There is a misleading lull after the ship has entered the water, which is broken by the capstan bounding after it like an enormous iron bobbin. This was animated over six months or so by a six-strong team at Framestore's Reykjavik office, headed by Dadi Einarsson. Says Einarsson, "The capstan shots are highly dramatic, and the way it behaves needed to be quite carefully controlled to bring this drama out, so we found that it worked best to treat the capstan and chain as characters to be animated, rather than as simple objects. We were able to use our animators' eye and judgment to keep it looking real." Einarsson's team also had the less taxing task of choreographing some flies into synchronous counterclockwise formation, as they fly around in a jar responding to the sound of Holmes's violin.
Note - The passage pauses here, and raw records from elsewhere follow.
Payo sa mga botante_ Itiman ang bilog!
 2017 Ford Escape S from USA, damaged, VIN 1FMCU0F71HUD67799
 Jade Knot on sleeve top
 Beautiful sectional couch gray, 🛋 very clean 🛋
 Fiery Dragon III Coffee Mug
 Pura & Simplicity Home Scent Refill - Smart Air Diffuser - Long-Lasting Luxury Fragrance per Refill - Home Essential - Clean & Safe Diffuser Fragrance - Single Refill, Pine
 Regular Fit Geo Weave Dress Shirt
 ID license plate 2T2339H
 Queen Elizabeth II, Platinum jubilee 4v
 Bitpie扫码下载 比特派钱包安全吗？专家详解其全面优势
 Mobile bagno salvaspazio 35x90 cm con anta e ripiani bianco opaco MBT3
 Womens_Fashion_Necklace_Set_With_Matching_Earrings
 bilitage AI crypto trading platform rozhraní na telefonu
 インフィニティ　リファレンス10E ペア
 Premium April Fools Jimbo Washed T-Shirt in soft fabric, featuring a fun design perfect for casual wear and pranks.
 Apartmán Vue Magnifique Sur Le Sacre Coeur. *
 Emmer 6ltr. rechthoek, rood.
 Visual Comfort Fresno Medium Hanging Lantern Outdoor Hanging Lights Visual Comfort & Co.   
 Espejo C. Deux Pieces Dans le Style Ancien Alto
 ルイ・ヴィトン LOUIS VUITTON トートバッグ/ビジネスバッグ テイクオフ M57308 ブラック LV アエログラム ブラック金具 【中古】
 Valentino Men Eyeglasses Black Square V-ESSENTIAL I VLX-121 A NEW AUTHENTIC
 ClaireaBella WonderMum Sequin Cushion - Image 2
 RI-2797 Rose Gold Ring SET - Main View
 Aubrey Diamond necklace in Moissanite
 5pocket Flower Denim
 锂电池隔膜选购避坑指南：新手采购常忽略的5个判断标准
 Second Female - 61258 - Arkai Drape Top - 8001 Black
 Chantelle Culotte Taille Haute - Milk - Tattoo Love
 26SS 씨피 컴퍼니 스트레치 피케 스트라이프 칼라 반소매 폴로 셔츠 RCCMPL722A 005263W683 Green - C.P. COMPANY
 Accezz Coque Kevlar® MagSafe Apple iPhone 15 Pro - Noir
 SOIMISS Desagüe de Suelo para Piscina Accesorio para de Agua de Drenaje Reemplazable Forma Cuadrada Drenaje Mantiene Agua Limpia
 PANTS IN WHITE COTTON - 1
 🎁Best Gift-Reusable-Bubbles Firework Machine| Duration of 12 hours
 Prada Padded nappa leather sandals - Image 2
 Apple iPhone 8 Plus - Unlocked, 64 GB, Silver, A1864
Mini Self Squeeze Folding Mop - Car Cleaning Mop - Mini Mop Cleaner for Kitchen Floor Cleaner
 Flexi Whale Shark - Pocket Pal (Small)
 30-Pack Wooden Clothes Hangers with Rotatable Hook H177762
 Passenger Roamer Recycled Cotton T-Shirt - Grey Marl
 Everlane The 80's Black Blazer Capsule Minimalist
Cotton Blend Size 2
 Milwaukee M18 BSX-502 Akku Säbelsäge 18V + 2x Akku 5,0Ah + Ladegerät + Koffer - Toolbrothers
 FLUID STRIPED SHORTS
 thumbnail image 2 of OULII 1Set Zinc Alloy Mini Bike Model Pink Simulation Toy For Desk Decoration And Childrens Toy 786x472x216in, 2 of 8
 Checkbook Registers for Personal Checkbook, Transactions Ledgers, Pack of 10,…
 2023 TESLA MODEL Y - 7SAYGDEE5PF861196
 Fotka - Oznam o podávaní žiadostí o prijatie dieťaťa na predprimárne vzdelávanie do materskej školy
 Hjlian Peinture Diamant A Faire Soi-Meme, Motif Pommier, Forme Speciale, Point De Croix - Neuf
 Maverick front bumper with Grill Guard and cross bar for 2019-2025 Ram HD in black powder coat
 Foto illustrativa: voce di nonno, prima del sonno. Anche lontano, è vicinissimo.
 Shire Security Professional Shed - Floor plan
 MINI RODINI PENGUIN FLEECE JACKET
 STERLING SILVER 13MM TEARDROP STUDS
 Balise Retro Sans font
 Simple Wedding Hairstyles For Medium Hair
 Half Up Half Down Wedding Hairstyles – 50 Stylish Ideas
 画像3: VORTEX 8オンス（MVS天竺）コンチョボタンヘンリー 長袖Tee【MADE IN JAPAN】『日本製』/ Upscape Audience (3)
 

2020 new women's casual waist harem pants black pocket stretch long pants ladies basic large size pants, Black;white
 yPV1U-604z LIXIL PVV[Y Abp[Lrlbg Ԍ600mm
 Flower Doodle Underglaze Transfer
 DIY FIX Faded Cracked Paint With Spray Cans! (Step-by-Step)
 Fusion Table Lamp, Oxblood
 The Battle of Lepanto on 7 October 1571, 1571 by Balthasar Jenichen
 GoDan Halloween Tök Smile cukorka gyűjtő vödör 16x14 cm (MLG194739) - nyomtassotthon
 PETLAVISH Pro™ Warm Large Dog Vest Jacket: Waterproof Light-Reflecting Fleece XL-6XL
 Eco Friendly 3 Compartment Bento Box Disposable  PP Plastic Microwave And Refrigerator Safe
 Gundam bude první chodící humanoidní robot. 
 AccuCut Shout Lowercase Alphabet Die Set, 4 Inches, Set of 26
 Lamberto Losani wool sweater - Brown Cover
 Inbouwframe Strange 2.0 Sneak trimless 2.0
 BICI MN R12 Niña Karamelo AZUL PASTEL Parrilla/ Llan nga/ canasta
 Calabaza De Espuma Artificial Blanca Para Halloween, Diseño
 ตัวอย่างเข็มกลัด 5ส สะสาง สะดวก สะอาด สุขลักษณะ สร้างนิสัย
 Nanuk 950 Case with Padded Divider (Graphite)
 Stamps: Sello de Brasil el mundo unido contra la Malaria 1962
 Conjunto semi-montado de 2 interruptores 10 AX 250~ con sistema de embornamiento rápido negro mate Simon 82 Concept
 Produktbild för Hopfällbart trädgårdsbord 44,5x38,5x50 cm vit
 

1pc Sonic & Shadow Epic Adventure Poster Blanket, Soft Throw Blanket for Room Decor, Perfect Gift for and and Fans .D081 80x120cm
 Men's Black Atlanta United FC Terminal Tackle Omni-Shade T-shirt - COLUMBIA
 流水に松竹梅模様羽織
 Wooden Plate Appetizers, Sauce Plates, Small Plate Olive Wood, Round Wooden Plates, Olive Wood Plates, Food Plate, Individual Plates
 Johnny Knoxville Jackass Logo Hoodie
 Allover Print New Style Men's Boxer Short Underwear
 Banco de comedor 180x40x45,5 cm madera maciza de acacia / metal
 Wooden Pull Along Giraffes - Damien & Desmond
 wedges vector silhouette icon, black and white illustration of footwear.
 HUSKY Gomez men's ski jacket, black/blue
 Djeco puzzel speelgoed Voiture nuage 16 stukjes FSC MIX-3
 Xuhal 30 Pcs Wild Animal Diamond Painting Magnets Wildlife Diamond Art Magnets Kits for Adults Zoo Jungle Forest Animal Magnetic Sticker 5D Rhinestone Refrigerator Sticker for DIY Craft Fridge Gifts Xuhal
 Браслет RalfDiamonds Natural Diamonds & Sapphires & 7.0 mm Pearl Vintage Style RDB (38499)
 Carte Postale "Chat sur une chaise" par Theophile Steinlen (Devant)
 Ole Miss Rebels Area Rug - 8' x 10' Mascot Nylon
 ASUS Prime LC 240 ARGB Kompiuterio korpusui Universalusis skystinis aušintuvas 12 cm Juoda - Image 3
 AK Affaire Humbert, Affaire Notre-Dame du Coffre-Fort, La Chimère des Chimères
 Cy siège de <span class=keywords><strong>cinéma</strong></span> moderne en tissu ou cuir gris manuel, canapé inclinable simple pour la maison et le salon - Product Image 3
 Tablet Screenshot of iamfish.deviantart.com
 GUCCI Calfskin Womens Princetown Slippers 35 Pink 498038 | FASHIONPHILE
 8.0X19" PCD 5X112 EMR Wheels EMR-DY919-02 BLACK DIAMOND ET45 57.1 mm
"There is an interesting tension between the two routes you use to make a sequence like this work," reflects Hugueniot. "You use animation and dynamics (where real-world physics are calculated and decide the behaviour of the objects). Animation gives you complete control, in terms of choreographing a shot and using the space precisely as you want to, but at the possible expense of realism, since the human eye is so adept at detecting even the tiniest of 'bogus' movements. With dynamics, you get the reverse – utterly convincing motion, but without being able to precisely call the shots. So, of course, you do your best to blend them together. Sometimes animation drives the dynamics, sometimes its 'real life' tweaked by animation." The CG team worked in Maya, using Framestore's proprietary fBounce tool, nCloth for the dynamics, as well as blastCode.

Anthony Smith’s team contributed enormously to the scene for the shots involving the ship’s arrival in the water. Remarkably, this was accomplished purely in the compositing, without additional 3D elements. Although water and craft elements had been captured during a specially shot lifeboat launch, all of these had to be scaled up, split up, multi-planed and otherwise modified using every trick in the compositor’s book, making this an astonishing technical achievement.

FIRE RUN WITH ME
Another opportunity for the Framestore team to show off their paces came with the Wharf Explosion, a sequence of characteristically Ritchie flamboyance which was actually a relatively late addition to the VFX shopping list.

Holmes and Watson, in the company of femme fatale Irene Adler (Rachel McAdams), are investigating an area in the London docks when Watson hits a tripwire in an alley between a warehouse and the dockside. This sets off a sequence of timed explosions which engulf him completely and throws Holmes backwards. Watson seems likely to have perished, so Holmes goes to save Irene. Snatching up a large wooden tray as a makeshift shield, he runs – in slow-motion – a gauntlet of explosions to reach her.

Fawkner and his team are hugely proud of what they achieved for this sequence. "It's only an eight shot sequence, but they were a tough eight. One shot is heading for 2000 frames long, and the raw material is basically Holmes running through thin air," says Fawkner, "We had to create everything which fills the frame – explosions, fire, smoke, debris – all of which interact with him in a detailed and realistic way, and all in super slow motion. There's no question of him coming through this unscathed – he's buffeted and burned by virtual materials every step of the way. Robert Downey Jr.'s performance was excellent (of course), giving us a firm platform on which to build our firestorm. Special mention should also go to Chas Jarret's beautiful green screen capture of the fireball elements we used. We had to throw everything we knew into this sequence – there was manipulation of the plate, manipulation of the lighting, and Laurent Hugueniot's team brought CG elements including fire, smoke a collapsing brick wall, and a huge amount of flying debris and decimated barrels. But 3D elements notwithstanding, it really is a state of the art showcase for what can be achieved in 2D and compositing. Plus it’s very cool and beautiful looking.” The sequence has also been nominated for a Best Compositing Award in the 2010 VES Awards.